Eletroforese em gel

Existem vários métodos de eletroforese de proteínas em gel, com cada método fornecendo informações distintas sobre as proteínas de interesse:

SDS-PAGE

A eletroforese em gel de poliacrilamida (PAGE) com dodecilsulfato de sódio (SDS) possibilita a separação de proteínas com base em suas massas moleculares. Neste método, o detergente SDS é incorporado ao tampão de corrida. O SDS confere uma carga negativa líquida às proteínas, mascarando sua carga intrínseca. À medida que as proteínas são separadas na presença de SDS e reagentes desnaturantes, elas se tornam menos globulares e mais lineares. Como resultado, a velocidade na qual as proteínas ligadas ao SDS migram através do gel depende principalmente de seu tamanho, permitindo estimar o peso da molécula comparando-a a padrões de proteínas.

PAGE nativa

Na eletroforese em gel de poliacrilamida nativa, as proteínas são separadas de forma a preservar sua conformação nativa (estrutura terciária), as interações entre as subunidades (estrutura quaternária e interações entre proteínas) e sua atividade biológica. Neste método, as proteínas são preparadas e corridas em condições não redutoras e não desnaturantes. A mobilidade da proteína é determinada por uma combinação complexa de fatores, pois cada proteína pode migrar para qualquer um dos eletrodos, dependendo de sua carga, e a uma velocidade dependente do seu formato e comportamento de ligação. Por este motivo, a PAGE nativa não é recomendada para determinação do peso molecular. A PAGE nativa é tipicamente usada em aplicações que requerem purificação de proteína ativa ou detecção por um anticorpo que reconhece apenas a forma nativa da proteína.
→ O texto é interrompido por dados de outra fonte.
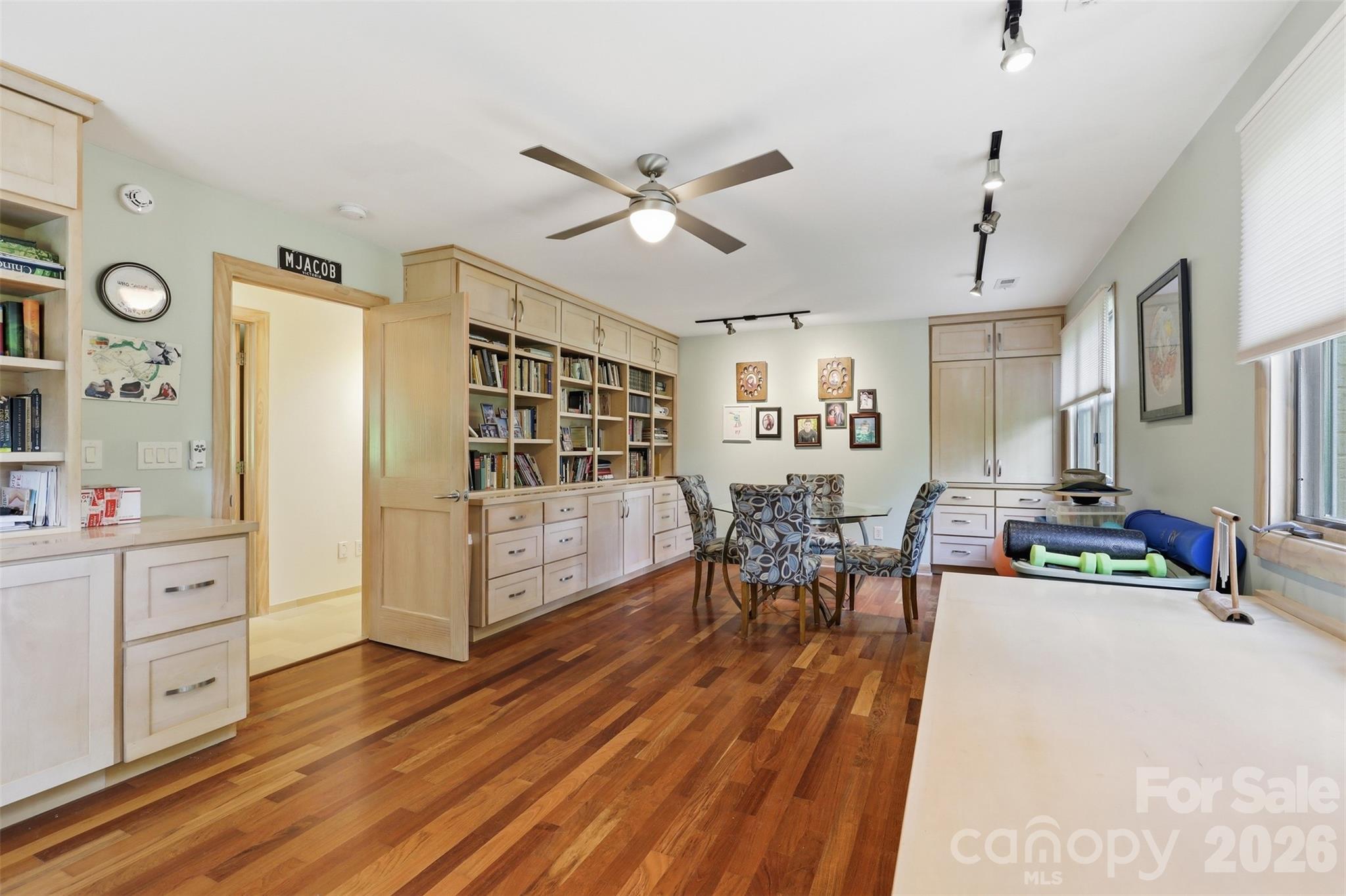 811 Butter Street Property Photo 18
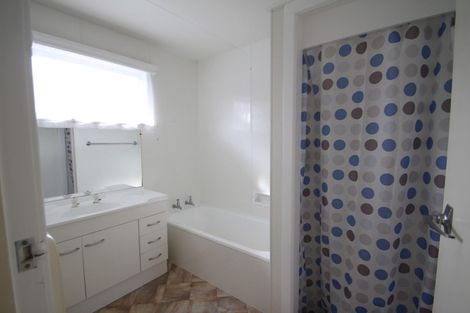 Photo of property in 23 Holland Road, Hillcrest, Auckland, 0627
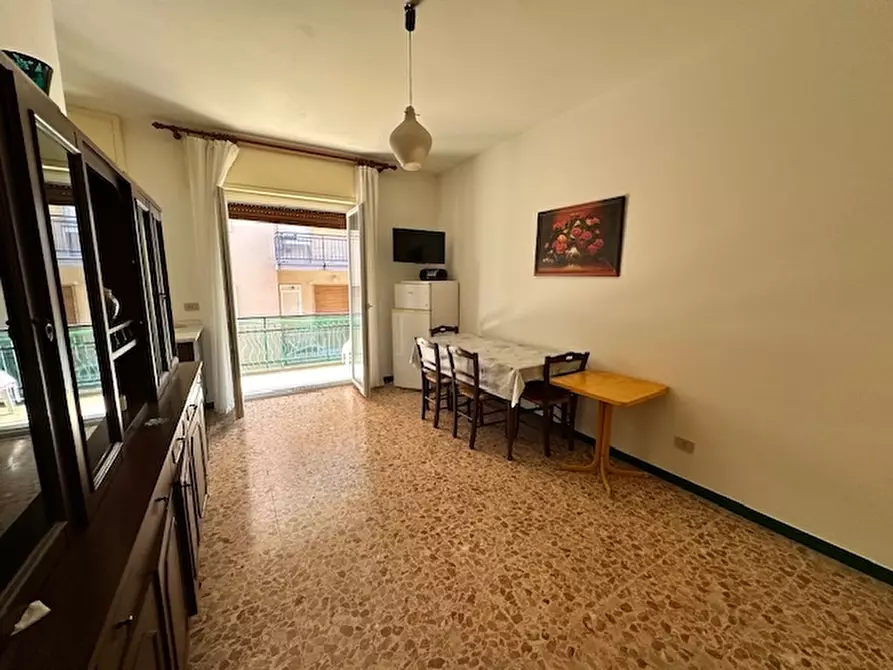 Immagine 24 di Appartamento in vendita  a Loano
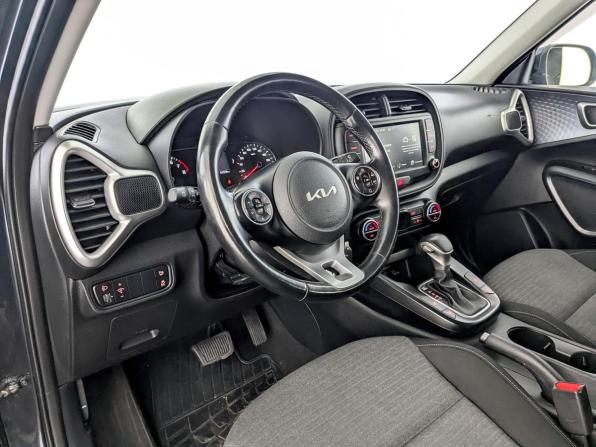 Kia Soul III с пробегом 2022 года, цена 2 210 000 рублей, 44023 км, хэтчбек, Автокод Объявления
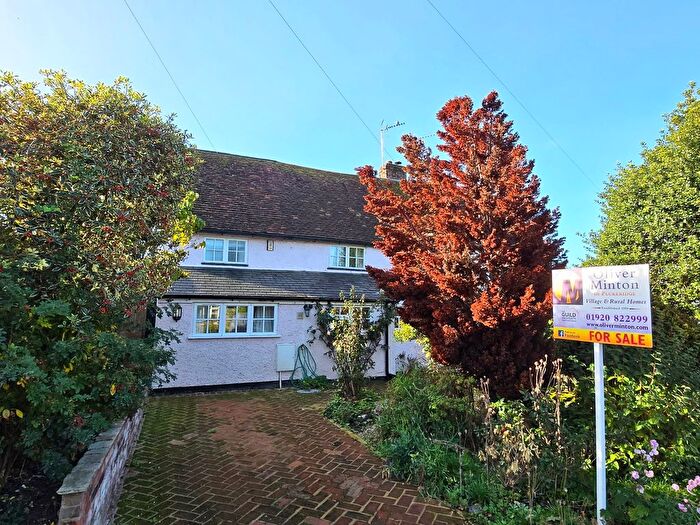 3 Bedroom Semi-Detached House For Sale In Chain Free - Green Lane, Braughing, Herts, SG11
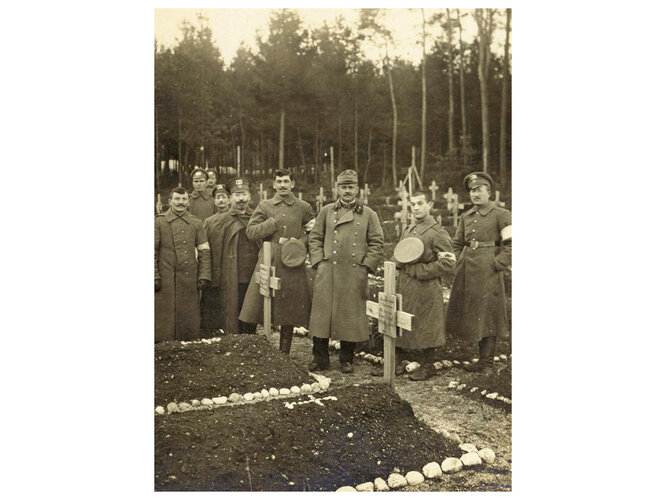 Österr. Unteroffizier mit russischen kriegsgefangenen Ärzten am Kriegerfriedhof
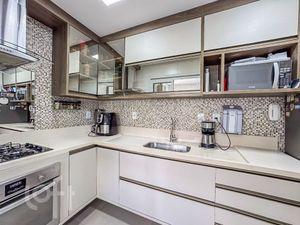 Image 10 - 848434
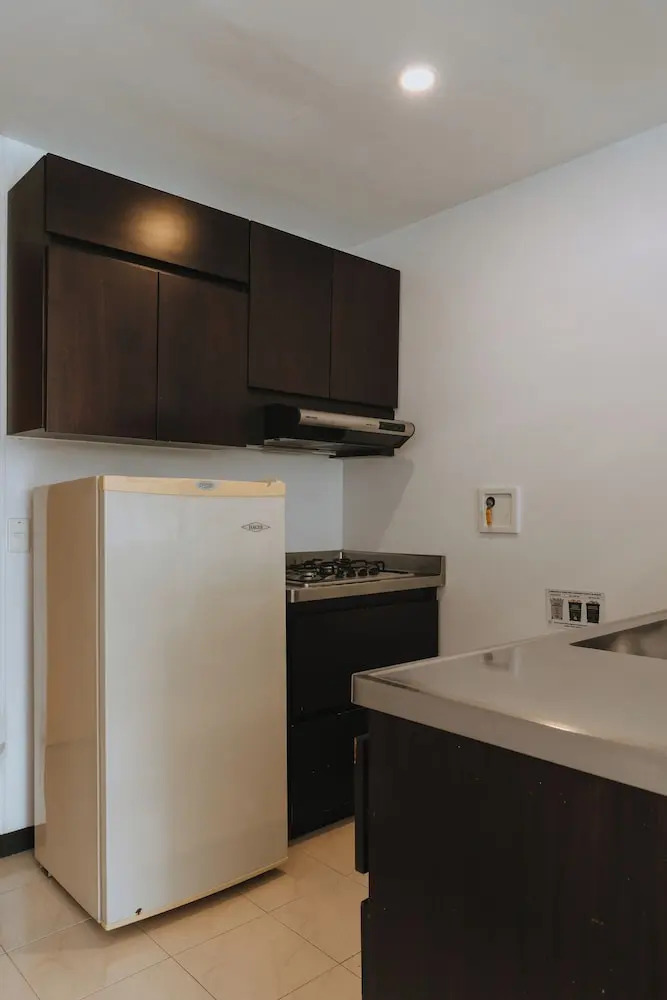 Photo - Travelers Orange Suites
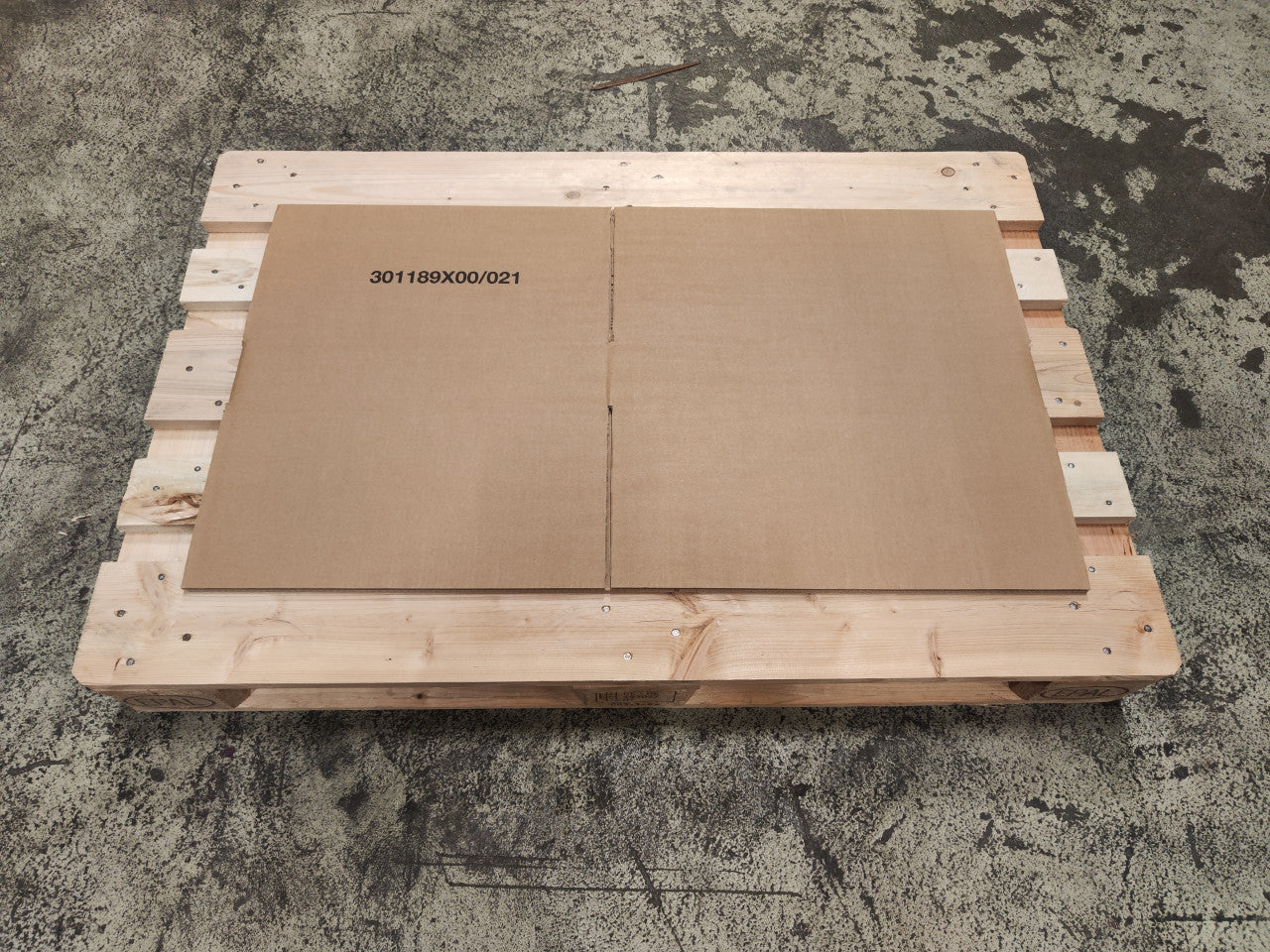 Faltkarton 540 x 465 x 80 mm W2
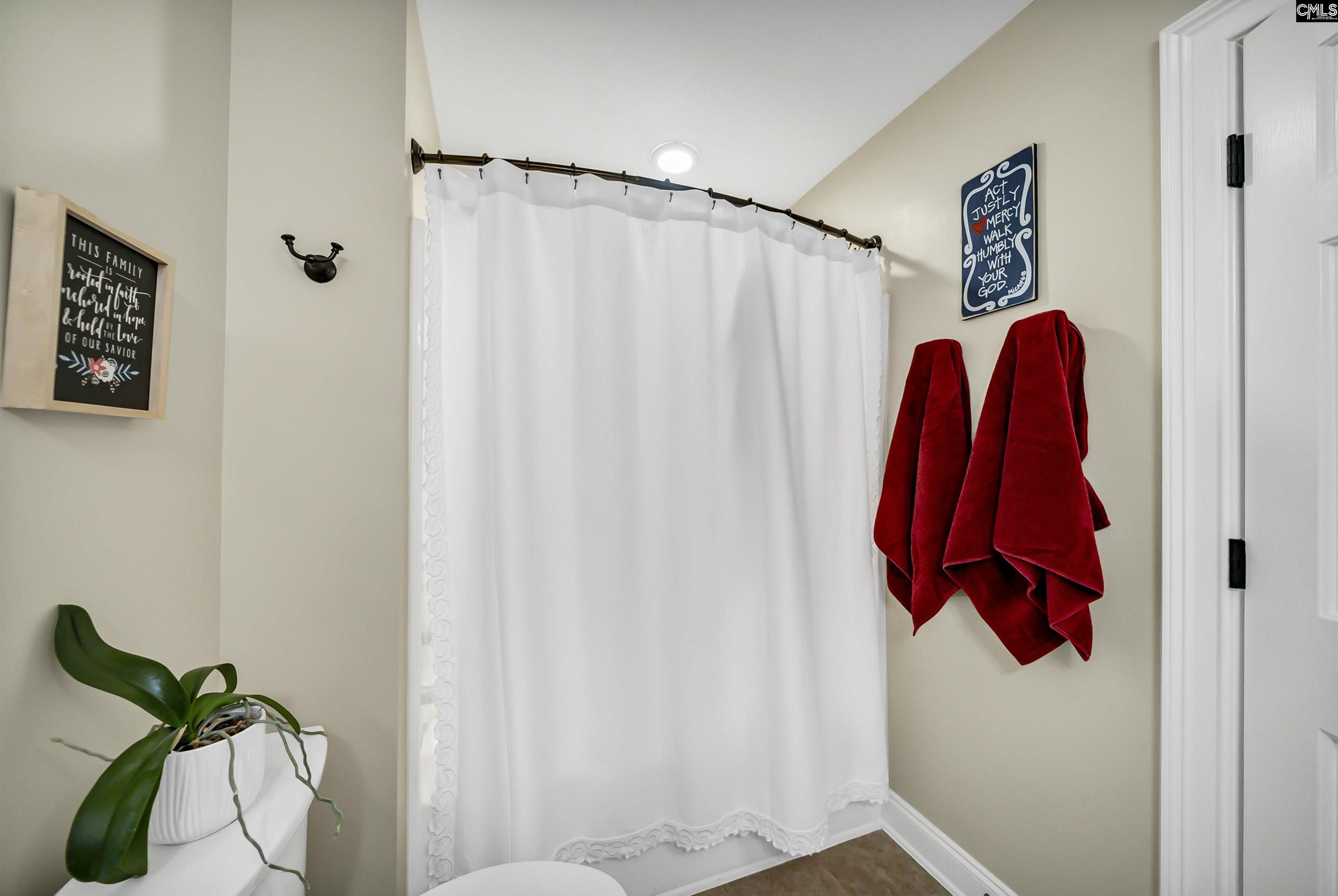 Chapin, South Carolina, 29036, United States, 4 Bedrooms Bedrooms, ,3 BathroomsBathrooms,Residential,For Sale,1989454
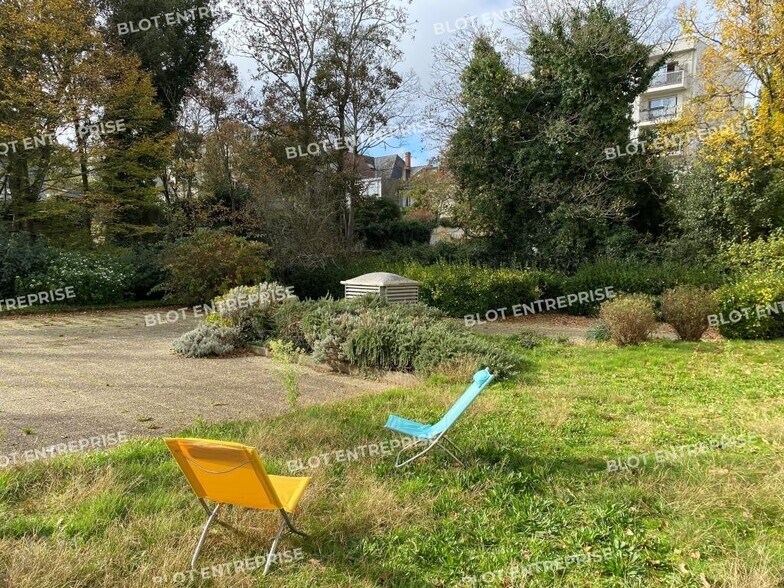 Bureau dans Nantes à vendre - Photo du bâtiment - Image 3 de 10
Focalização isoelétrica (IEF)

A focalização isoelétrica usa um campo elétrico e um gradiente de pH para separar as proteínas pelos seus pontos isoelétricos (pI) nativos. À medida que as proteínas se movem através do gradiente de pH, sua carga líquida muda. Em um campo elétrico, cada proteína migra para o pH onde sua carga líquida é igual a zero (denominado como o ponto isoelétrico da proteína). Durante o processo de separação, as proteínas da amostra se acumulam, ou "se focam", em locais específicos e previsíveis no gel. A focalização isoelétrica é usada na identificação de proteínas provenientes de amostras complexas (por exemplo, de lisados de células e tecidos, plasma), análise de modificações após a tradução e separação de amostras para análise por espectrometria de massa.

PAGE 2D

A eletroforese em gel de poliacrilamida bidimensional permite a resolução de proteínas de acordo com seu ponto isoelétrico (pI) intrínseco e massa. A separação por pI ocorre por focalização isoelétrica (IEF). A separação por massa ocorre por SDS-PAGE. A PAGE 2D proporciona melhor resolução para análise de proteínas, e é comumente usada em pesquisas em proteômica para separar de centenas a milhares de proteínas em um único gel.